Short web captions

##############################

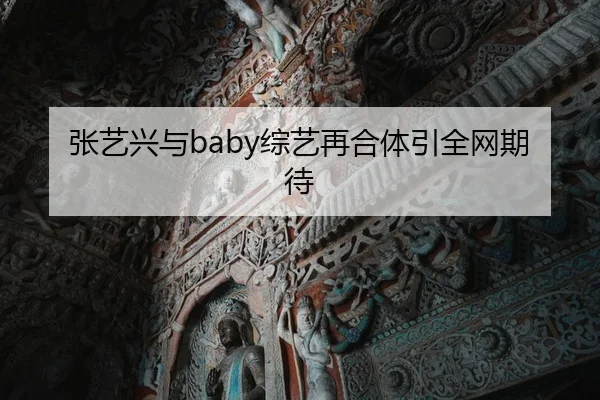张艺兴与baby综艺再合体引全网期待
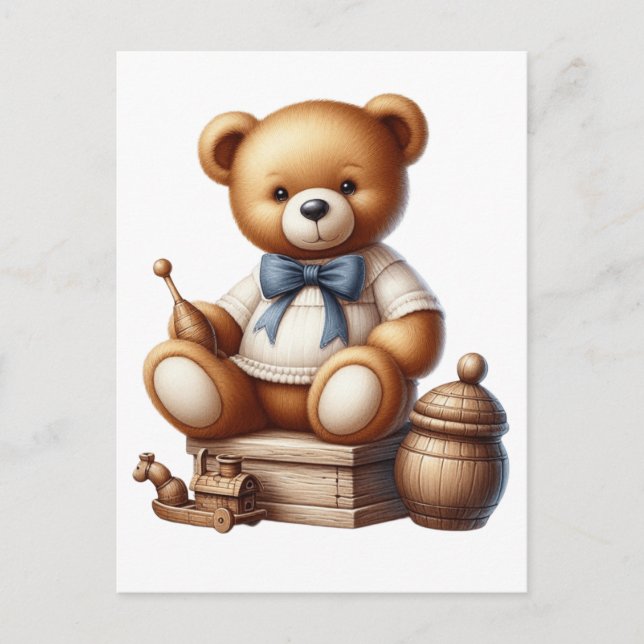 Teddy Bär Postkarte (Vorderseite)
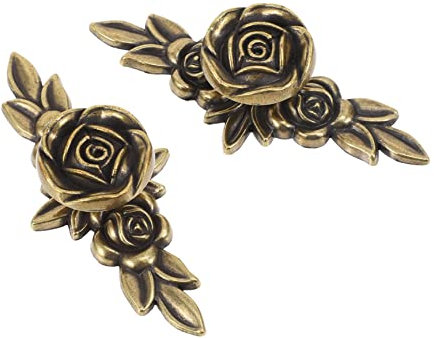 NULYLU 2stücke Roségold Zinklegierung Schrankgriffe Für Möbel Elegante Möbelknöpfe Für Küchenschränke Anti-rutsch-design Langlebig Und Stark Für Arten Von Möbeln
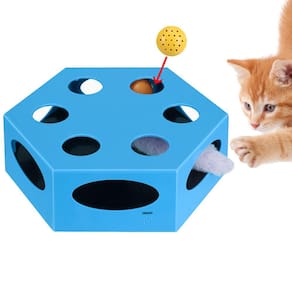 Brinquedo para gatos WINGPET eletrônico automatizado com cauda de mouse e erva-dos-gatos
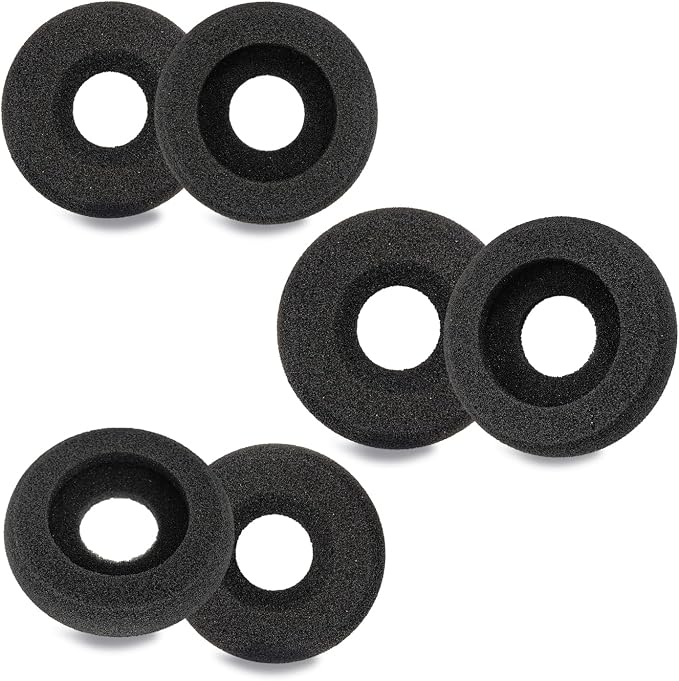 Replacement Earpads Earpads for Plantronics Headphones Earpads Foam Earpads for Plantronics HW261N HW510 HW520 Blackwire 3210 3220 3320 C3225 Jabra Pro 920 930 Headphones (6Pcs) - Image 1
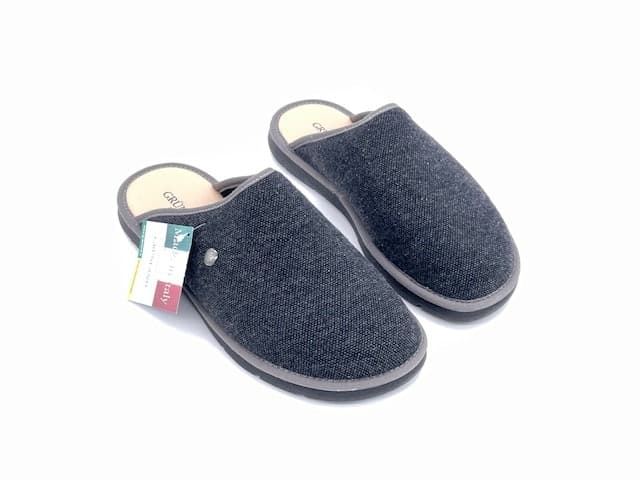 GRUNLAND Ciabatta Chiusa Uomo Loso Nero in Pantofole Calzature Durello - Agna, commercioVirtuoso.it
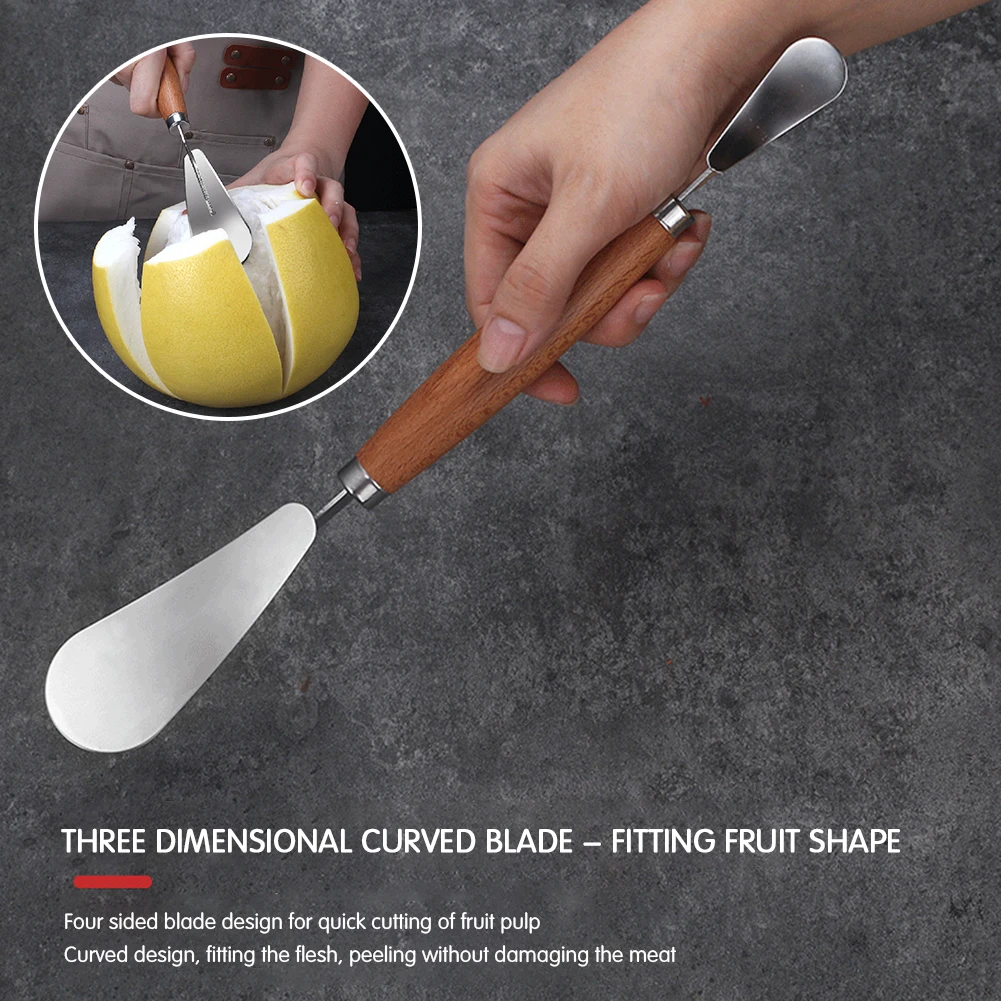 Stainless Steel Grapefruit Peeler Available on both sides Fruit Opener Skinning Knife Peeling Tool Peeling Cutter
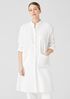 Organic Linen Mandarin Collar Dress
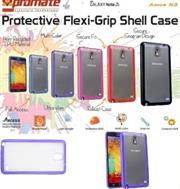 Promate Amos N3 Protective flexi-grip designed shell case for Samsung Note 3 Colour:Purple, Retail Box , 1 Year Warranty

##############################

▶ [Task goal]:
"Teddy Bär Postkarte (Vorderseite)" marks the first line to copy, and "Brinquedo para gatos" marks the last. Repeat that stretch above exactly, with no pictures.

▶ [Result]:
 Teddy Bär Postkarte (Vorderseite)
 NULYLU 2stücke Roségold Zinklegierung Schrankgriffe Für Möbel Elegante Möbelknöpfe Für Küchenschränke Anti-rutsch-design Langlebig Und Stark Für Arten Von Möbeln
 Brinquedo para gatos WINGPET eletrônico automatizado com cauda de mouse e erva-dos-gatos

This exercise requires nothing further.